> _DESCRIPTION OF THE TASK_: Your task is to copy the listing exactly, with the pictures left out.

> _INFORMATION SHOWN_:
--------------------------------------------------

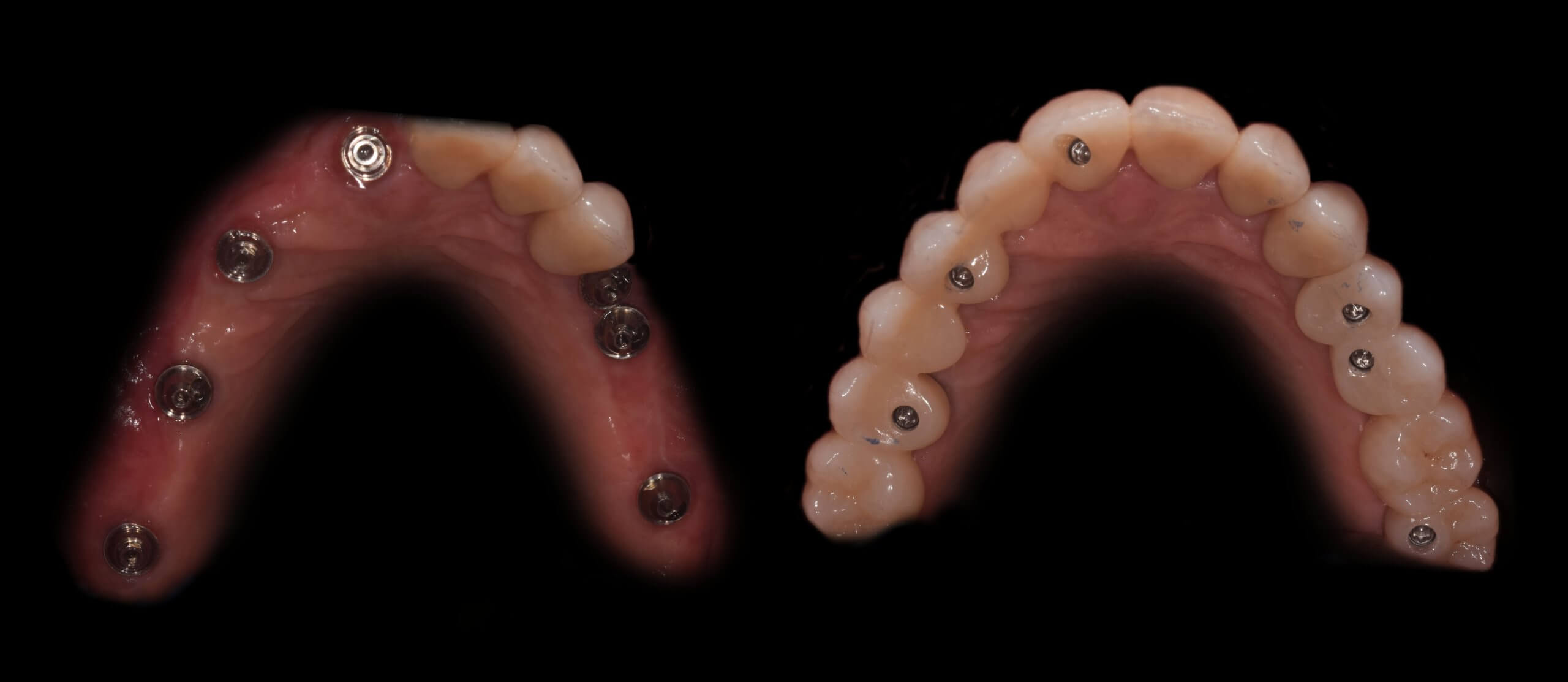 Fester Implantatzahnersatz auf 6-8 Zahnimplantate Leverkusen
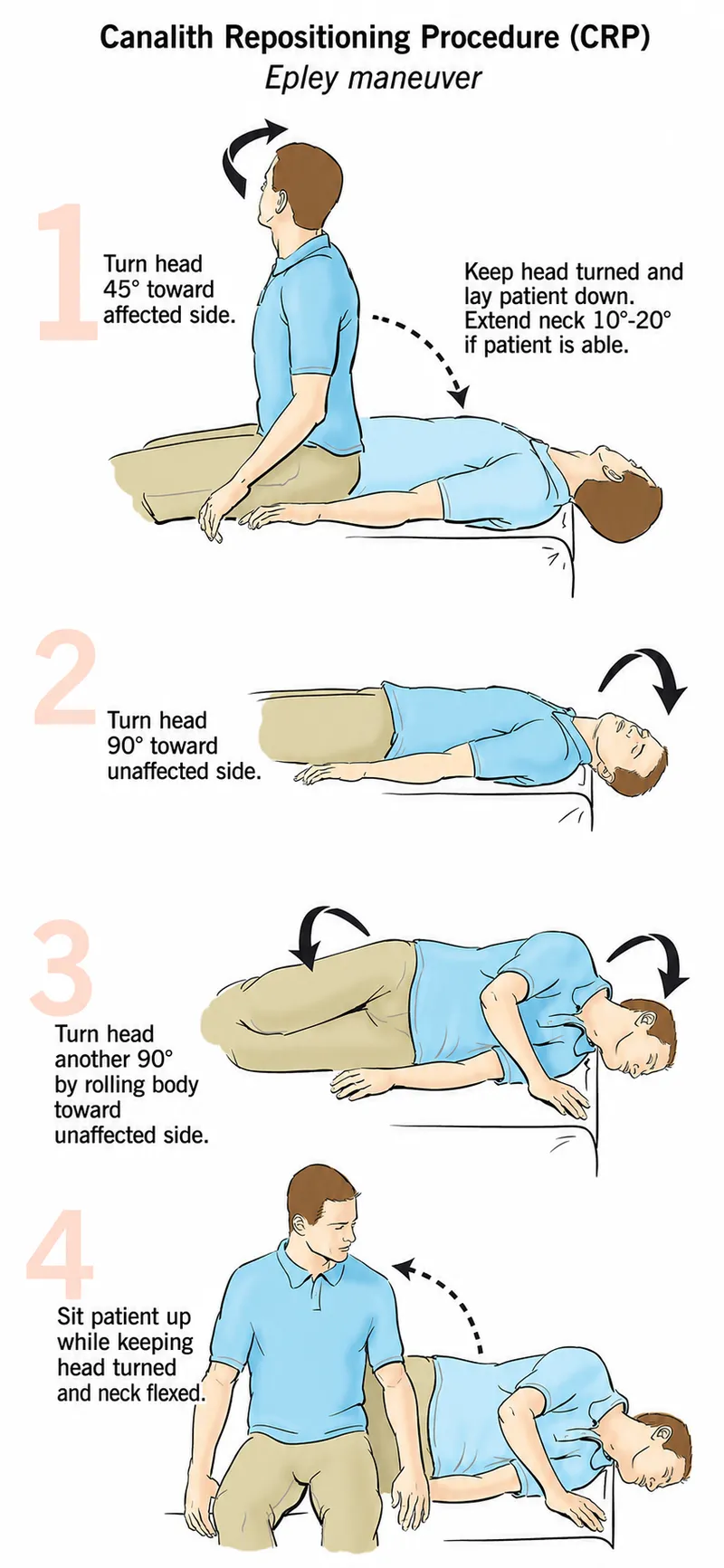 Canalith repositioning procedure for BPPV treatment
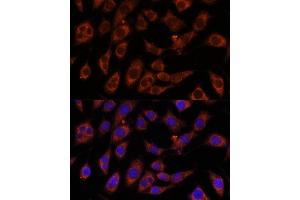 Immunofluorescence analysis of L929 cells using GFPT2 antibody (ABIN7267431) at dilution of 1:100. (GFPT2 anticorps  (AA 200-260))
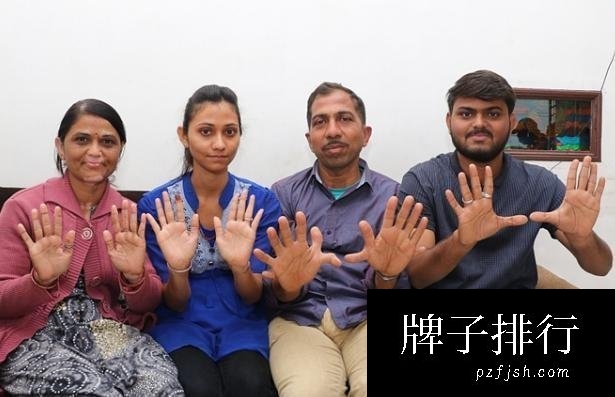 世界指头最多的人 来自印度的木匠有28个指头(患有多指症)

--------------------------------------------------

> _SOLUTION TO THE EXERCISE_:
 Fester Implantatzahnersatz auf 6-8 Zahnimplantate Leverkusen
 Canalith repositioning procedure for BPPV treatment
 Immunofluorescence analysis of L929 cells using GFPT2 antibody (ABIN7267431) at dilution of 1:100. (GFPT2 anticorps  (AA 200-260))
 世界指头最多的人 来自印度的木匠有28个指头(患有多指症)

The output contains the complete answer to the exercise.